40 big data campaign
In 2012, the Obama team that participated in the campaign identified three fundamental goals: to allow more people to pay more, to allow more voters to vote for Obama, and to get more people involved! This requires “micro” Cognition at the level: What is the most likely to be persuaded by each voter? Under what circumstances is each voter most likely to pay for it? What kind of advertising channel can get the most effective target voters? For example, campaign chief commander Jim Messina It is said that in the entire campaign, the assumption that there is no data to support cannot exist.
In order to raise $1 billion in campaign money, Obama's data mining team has collected, stored, and analyzed large amounts of data over the past two years. They noticed that movie star George Clooney is very attractive to women between the ages of 40 and 49 on the West Coast of the United States: they are undoubtedly the group most likely to pay for their own dinner in Hollywood with Clooney and Obama. . Clooney raised millions of dollars in campaign funding for Obama at a fundraising banquet hosted by his home. Later, when the Obama team decided to look for a movie star with the same appeal on the East Coast, the data team found that fans of Sarah Jessica Parker also liked competitions, small parties and celebrities. The "Crony effect" was successfully replicated on the East Coast.

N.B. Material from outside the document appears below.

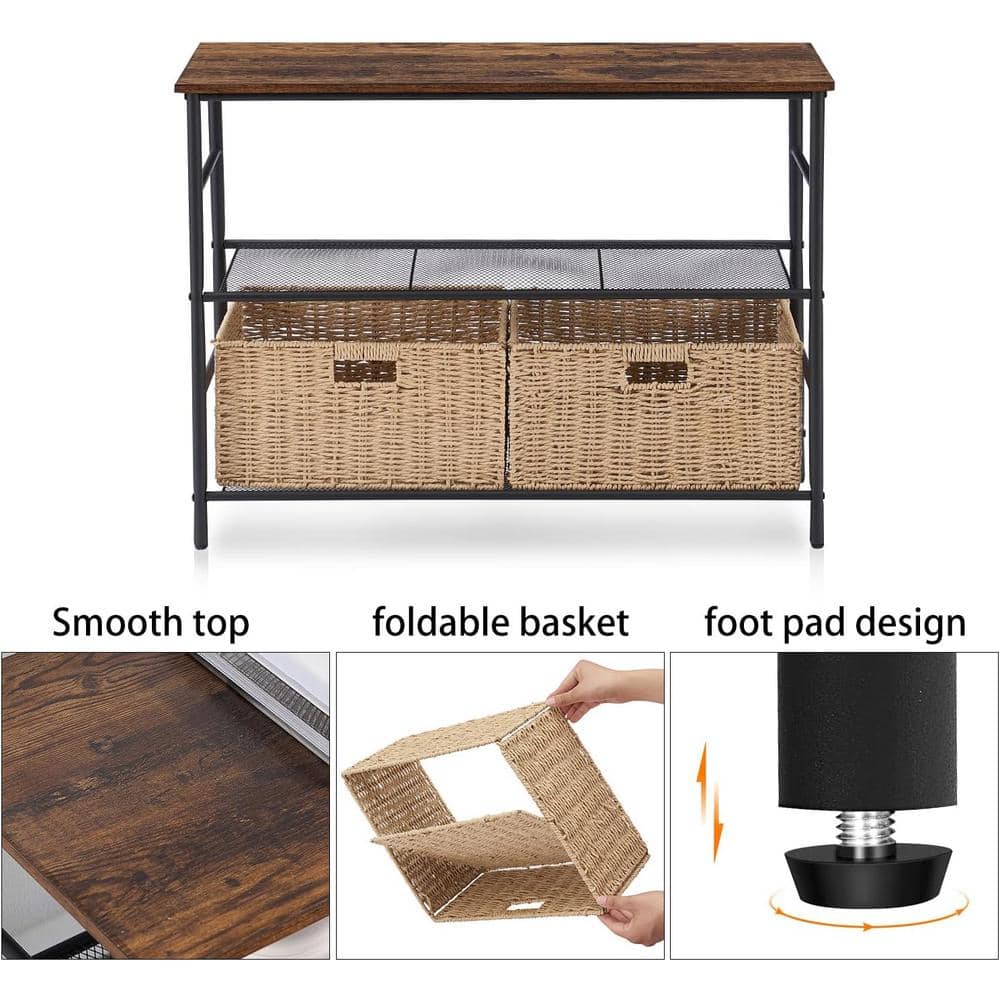VECELO 32.4" Industrial 3-Tier Console Table with 2 Straw Storage Baskets, Sofa Table with Mesh Shelf for Living Room, Stable Metal Frame for Living Room, Brown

Throughout the campaign, the Obama team spent less than $300 million on advertising costs, while the Romney team lost nearly $400 million, one of the important reasons being that Obama’s data team bought for advertising. Decision making was made after careful data analysis. A poll shows that 80% of American voters think that Obama is more sensitive to himself than Romney. As a result, 98% of the first $100 million raised by the Obama team came from small donations of less than $250, while the Romney team raised 31% in the same amount of donations.